Meeting Time: Tuesdays, 2-3pm PT
Location: Calvin Lab, Room 116; Zoom link available upon request
Organizers: Brice Huang, Eren Kızıldağ
Low-degree hardness of random optimization problems, in particular the maximum independent set problem. The proof has two ingredients: (1) (Multi, Ensemble) Overlap Gap Property and (2) Stability of Low-Degree Polynomials.
Based on arXiv:2004.12063 and arXiv:2010.06563.
We consider the algorithmic problem of finding a near-optimal solution for the number partitioning problem (NPP). This problem appears in many practical applications, including the design of randomized controlled trials, multiprocessor scheduling, and cryptography; and is also of theoretical significance. The NPP possesses the so-called statistical-to-computational gap: when its input has distribution N(0,I_n), the optimal value of NPP is \Theta(2^{-n}) w.h.p.; whereas the best polynomial-time algorithm achieves the objective value of only 2^{-\Theta(\log^2 n)}, w.h.p.
In this work, we initiate the study of the nature of this gap for the NPP. Inspired by insights from statistical physics, we study the landscape of the NPP and establish the presence of the Overlap Gap Property (OGP), an intricate geometric property which is known to be a rigorous evidence of an algorithmic hardness for large classes of algorithms.
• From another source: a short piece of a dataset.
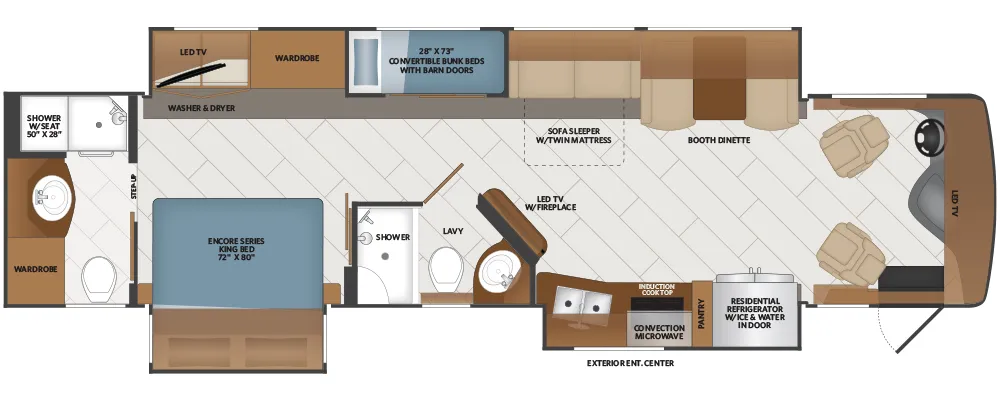 Fleetwood Discovery 38N floor plan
By leveraging the OGP, we establish that (a) any sufficiently stable algorithm, appropriately defined, fails to find a near-optimal solution with energy below 2^{-\omega(n \log^{-1/5} n)}; and (b) a very natural Markov Chain Monte Carlo dynamics fails for find near-optimal solutions.
OGP regards the overlap structure of m-tuples of solutions achieving a certain objective value. When m is constant, we prove the presence of OGP for the objective values of order 2^{-\Theta(n)}, and the absence of it in the regime 2^{-o(n)}. Interestingly, though, by considering overlaps with growing values of m we prove the presence of the OGP up to the level 2^{-\omega(\sqrt{n\log n})}. Our proof of the failure of stable algorithms at values 2^{-\omega(n \log^{-1/5} n)} employs methods from Ramsey Theory from the extremal combinatorics and is of independent interest.
Based on arXiv:2103.01369. Joint work with David Gamarnik.
The Overlap Gap Property (OGP) is the condition that in a problem's solution space, no two solutions are a medium distance apart. In many random optimization problems with information-computation gaps, OGP has been shown to imply failure of stable algorithms at a threshold well below the existential limit, but still above the algorithmic limit.
A multi-OGP is an enhancement of OGP whose forbidden structure involves several solutions. In several random optimization problems, recent work has shown that an appropriately designed multi-OGP implies failure of stable algorithms at or just beyond the algorithmic limit.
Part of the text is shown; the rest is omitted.